[Material provided Boundary: Start]
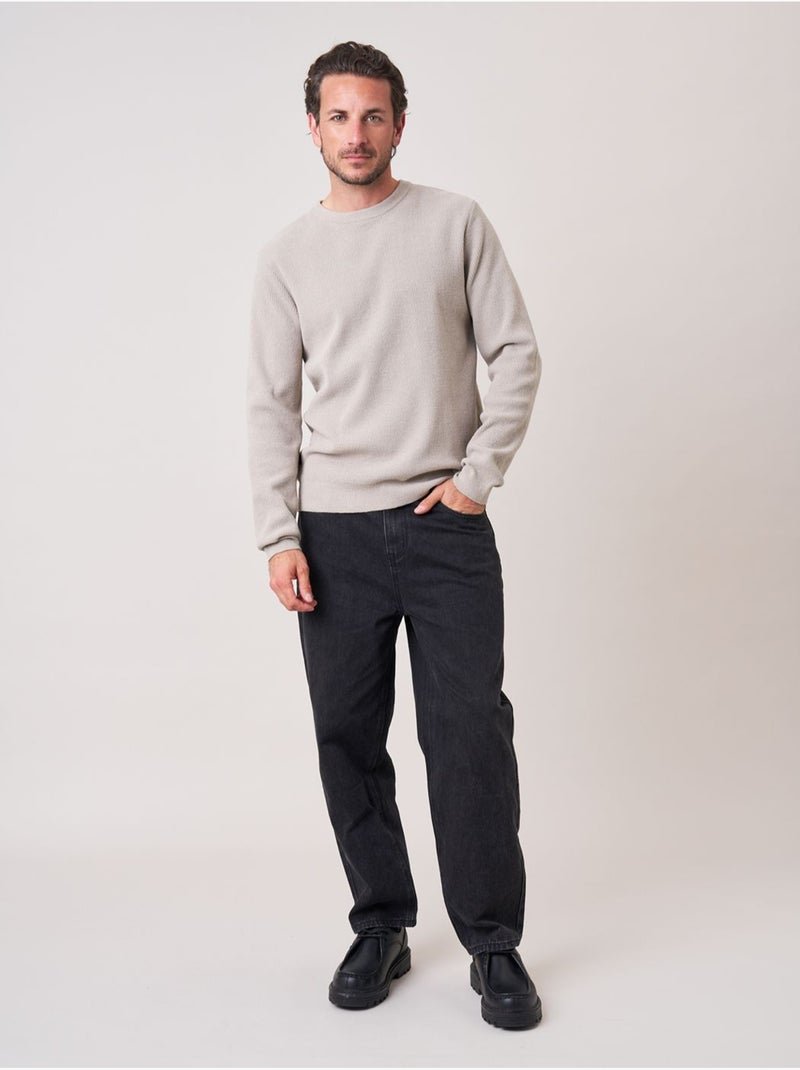 Pull homme col rond poche zippée 'deeluxe' Craie - Kiabi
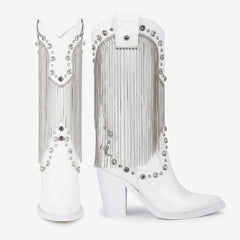 Tuhoomall Chunky Heel Western Rhinestone Booties with Fringes for Fashion Events, Pointed Toe, Slip-On Style, All-Day Comfort, Eye-Catching Design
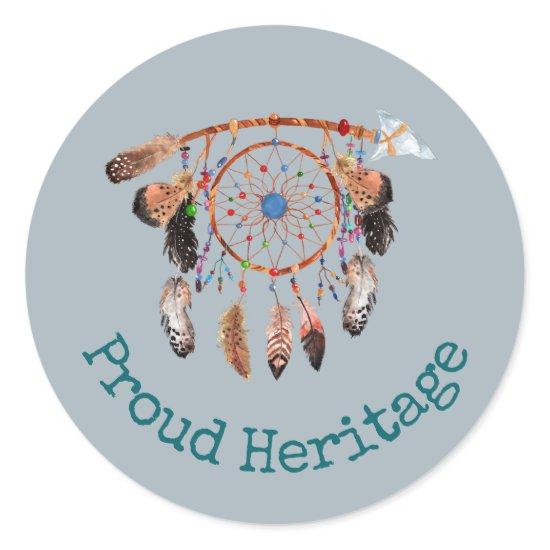 Tribute to Native American Indian, Dreamcatcher Classic Round Sticker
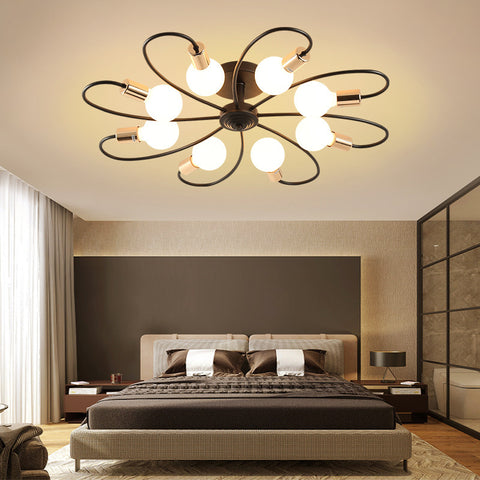 Moderne Plafonnier, Créatif Lampe Plafond, Métal Noir or E27 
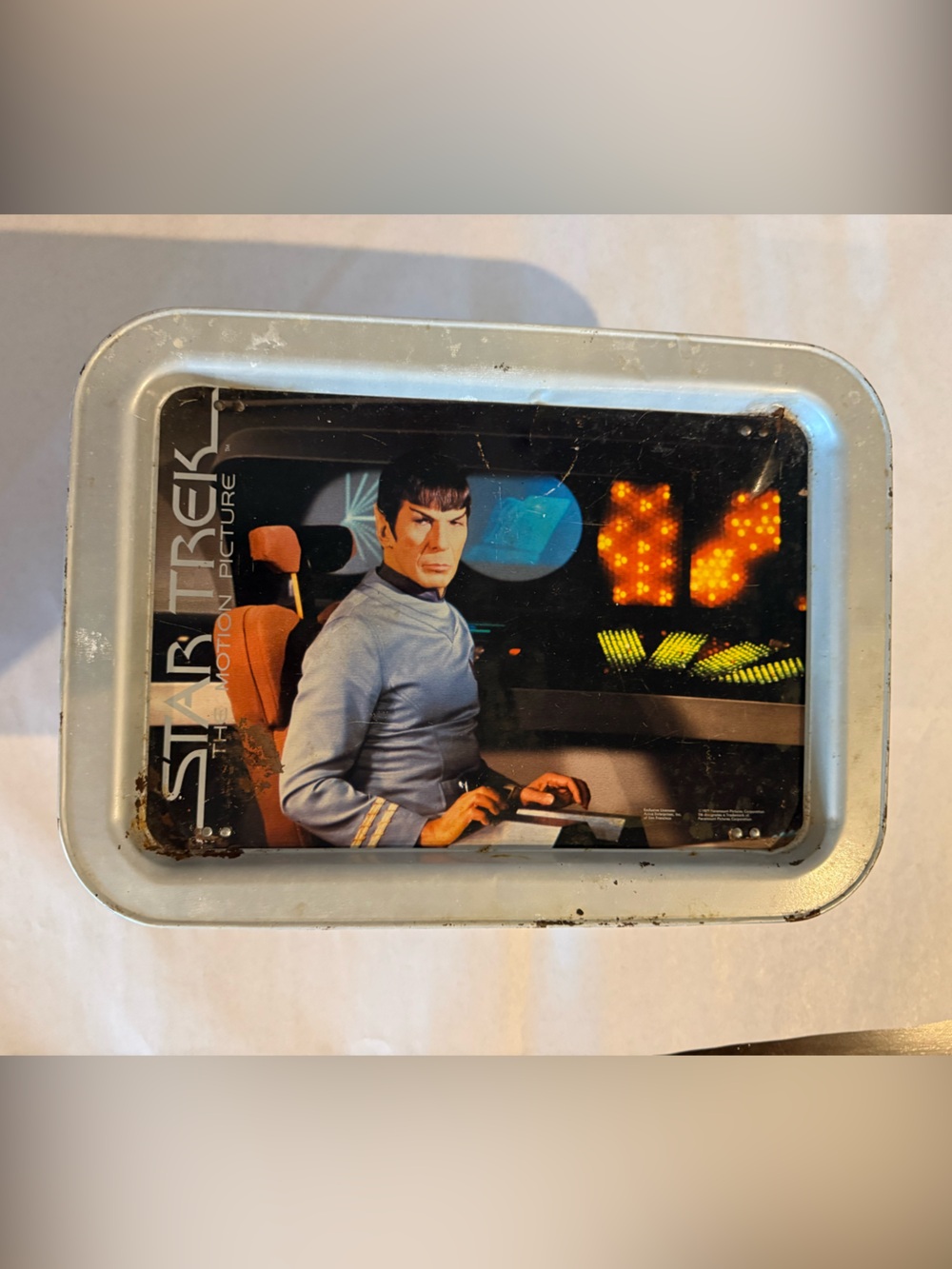 Vintage 1979 Star Trek The Motion Picture Spock Metal TV Lap Tray Functional
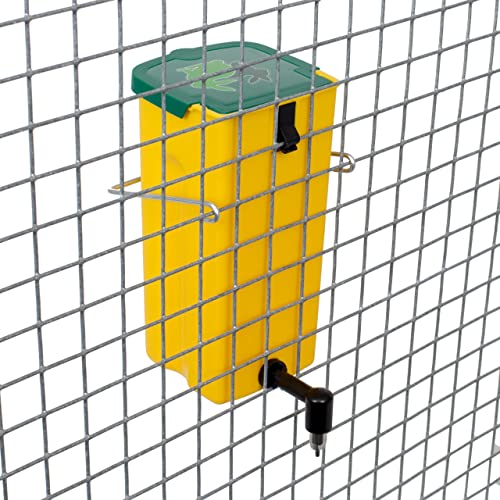 Kaninchen Nippeltränke 1 Liter Hamster Wasserspender - Aufhängeclip und Drahthalter (Gelb) von Agrarking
[Material provided Boundary: End]
* Assignment: Reproduce only the lines from the line that holds "Moderne Plafonnier, Créatif" through the end of the records, exactly as they stand, both ends included and pictures excluded.

* Answer to this exercise:
 Moderne Plafonnier, Créatif Lampe Plafond, Métal Noir or E27 
 Vintage 1979 Star Trek The Motion Picture Spock Metal TV Lap Tray Functional
 Kaninchen Nippeltränke 1 Liter Hamster Wasserspender - Aufhängeclip und Drahthalter (Gelb) von Agrarking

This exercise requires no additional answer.